The experience in Banyuwangi shows that digitizing social assistance is a major step in the right direction. However, the journey toward a truly fair, targeted, and sustainable system still requires hard work. Especially in optimizing digital infrastructure and strengthening institutional support on the ground.

Furthermore, there is another equally important aspect to consider. As the registration door widens, the workload of caseworkers and field social service officers has dramatically increased. They are required to work faster and more accurately. Unfortunately, there is no middle ground or concrete action yet to support their work. We see the need for fair adjustments regarding what they can and cannot do. They must not be burdened with great responsibility without adequate protection and support.

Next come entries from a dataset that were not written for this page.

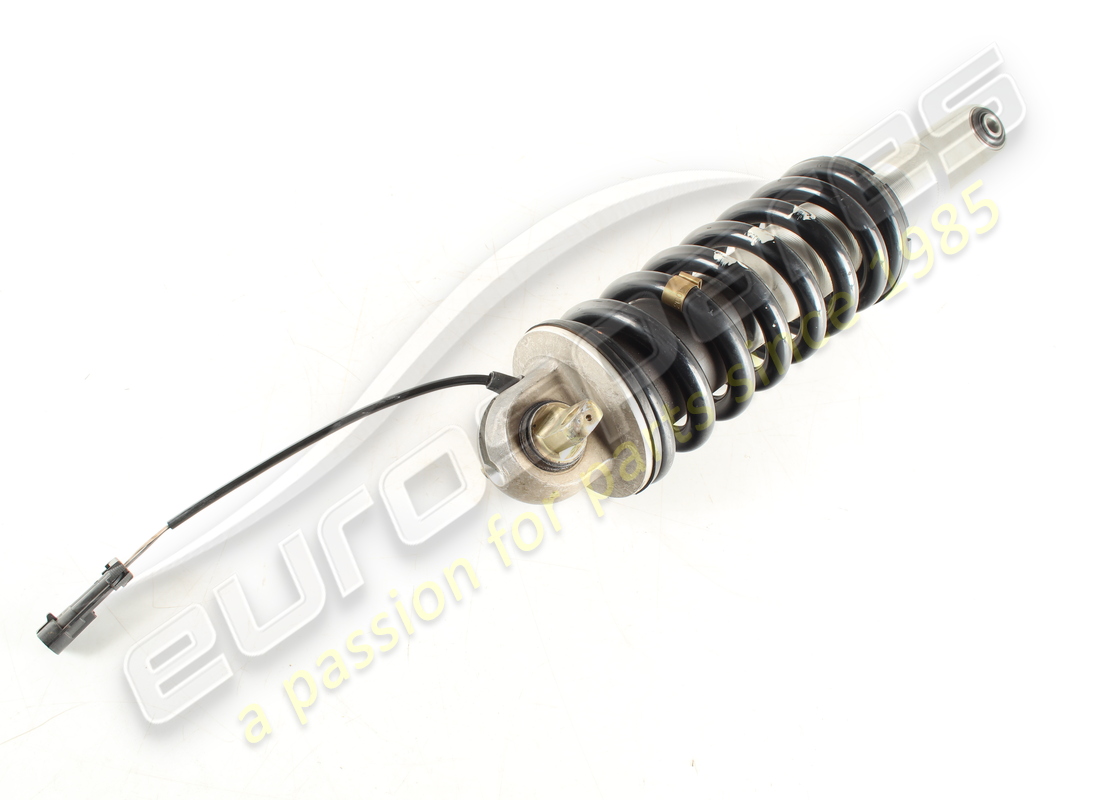 used ferrari rear shock absorber. part number 174724 (2)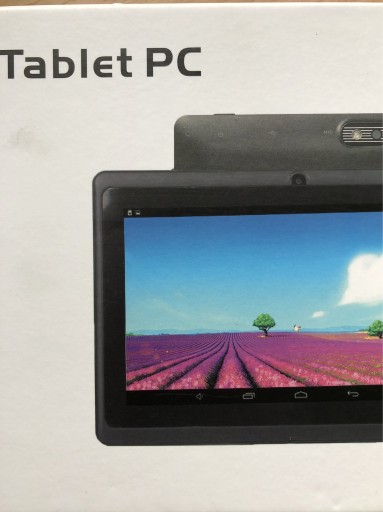 Zdjęcie oferty: Tablet PC CX-786 7” NOWY android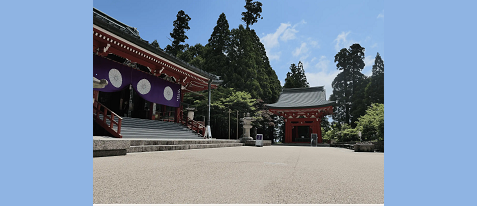【世界遺産 比叡山延暦寺】 延暦寺諸堂巡拝券（東塔・西塔・横川共通）
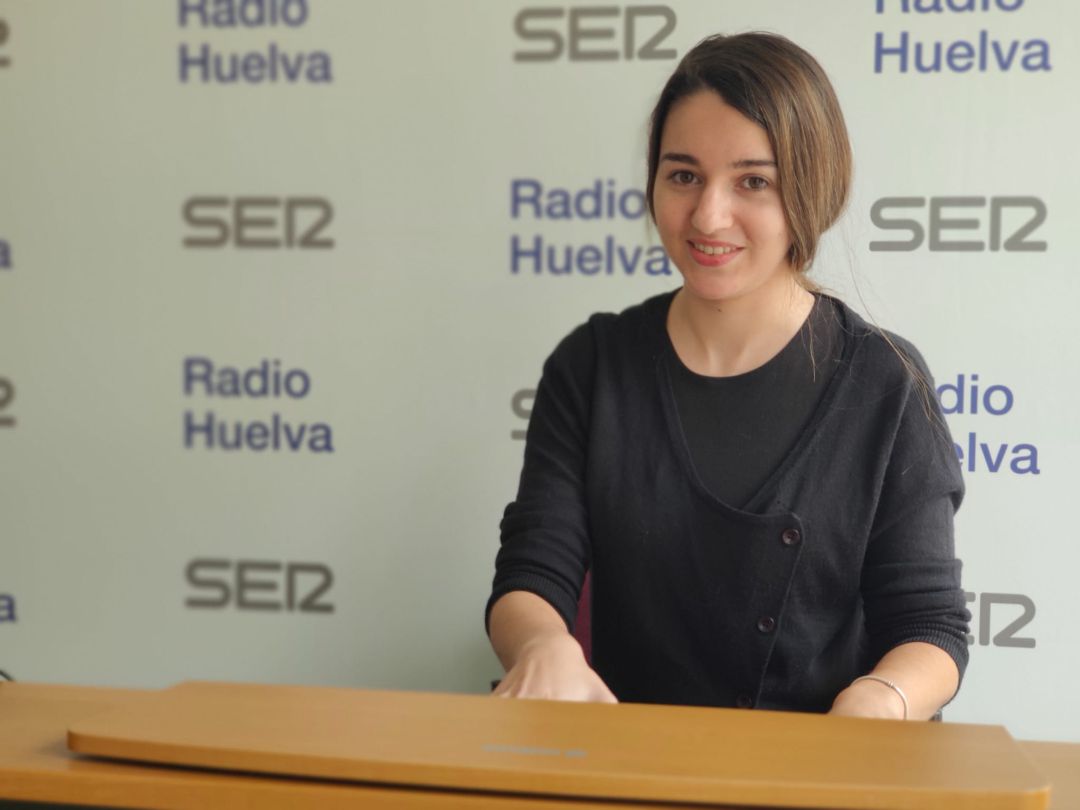 Noelia María Callejo Periañez, flautista y pianista de Moguer (Huelva) Noelia María Callejo Periañez, flautista y pianista de Moguer (Huelva)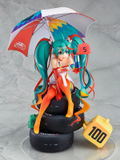 Racing Miku 2016 Ver. 1/8 Scale Pre-Painted Figure thumbnail 3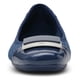 thumbnail image 2 of Zapatos Anne Klein UNA Flat para mujer de mezclilla oscura, 2 of 6
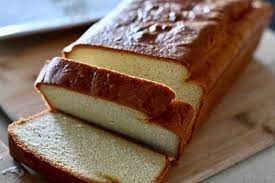 Beat the eggs and add flour and soda. The Best Low Carb Keto Cream Cheese Pound Cake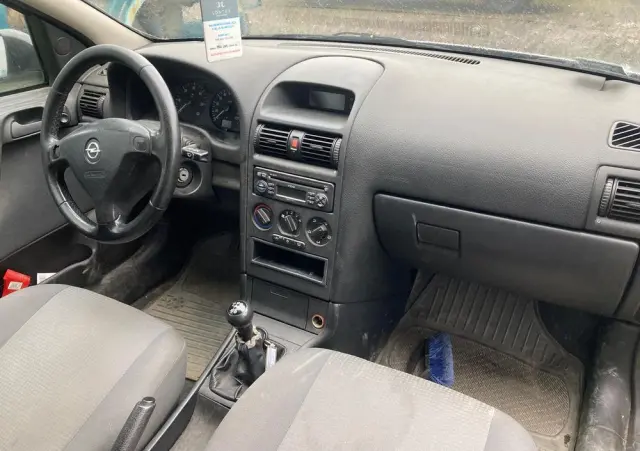 OPEL Astra 1.7 CDTI Enjoy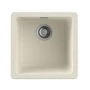 Kép 1/2 - NODOR - Mosogatótálca NorGranite 40.40 1B BG beige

However, the conclusion above did not come suddenly. The AMANA Solutions team arrived at it in a way that sounds simple: listening—but with high dedication.

We contacted 111 PKH caseworkers by phone, listening to the small stories of officers who deal with residents every day. We tried to capture real field conditions, from caseworker capacity, infrastructure and system readiness, to various operational obstacles. From this, it became clear that the main challenge lies not in the capacity of implementers, but in system limitations—such as suboptimal reliability, layered processes, and weak data integration and institutional support.

Not only that, we also held lengthy discussions through in-depth interviews and focus group discussions with around 30 social assistance caseworkers in Banyuwangi, spread across three types of villages: urban, peri-urban, and rural. Through these conversations, the team began to understand: the extent of officers' capabilities, how digital systems perform in the field, and whether relevant institutions are supportive enough.

Based on this situation, improving system reliability and strengthening inter-agency data support are urgent priorities. Because in the end, technology is just a tool. What matters most is how that tool serves those who need it most—quickly, accurately, and without leaving anyone behind. This valuable lesson is essential for the planned expansion of the social protection portal program to 42 regions in Indonesia.

As one social assistance recipient in Banyuwangi put it:

"Now, with a data-driven system, I am beginning to feel hope that assistance will truly reach the right hands. Digitalization, we believe, can be the solution to ensuring that social assistance recipients are accurately targeted—no longer just a promise, but a certainty that those who deserve to receive, will receive."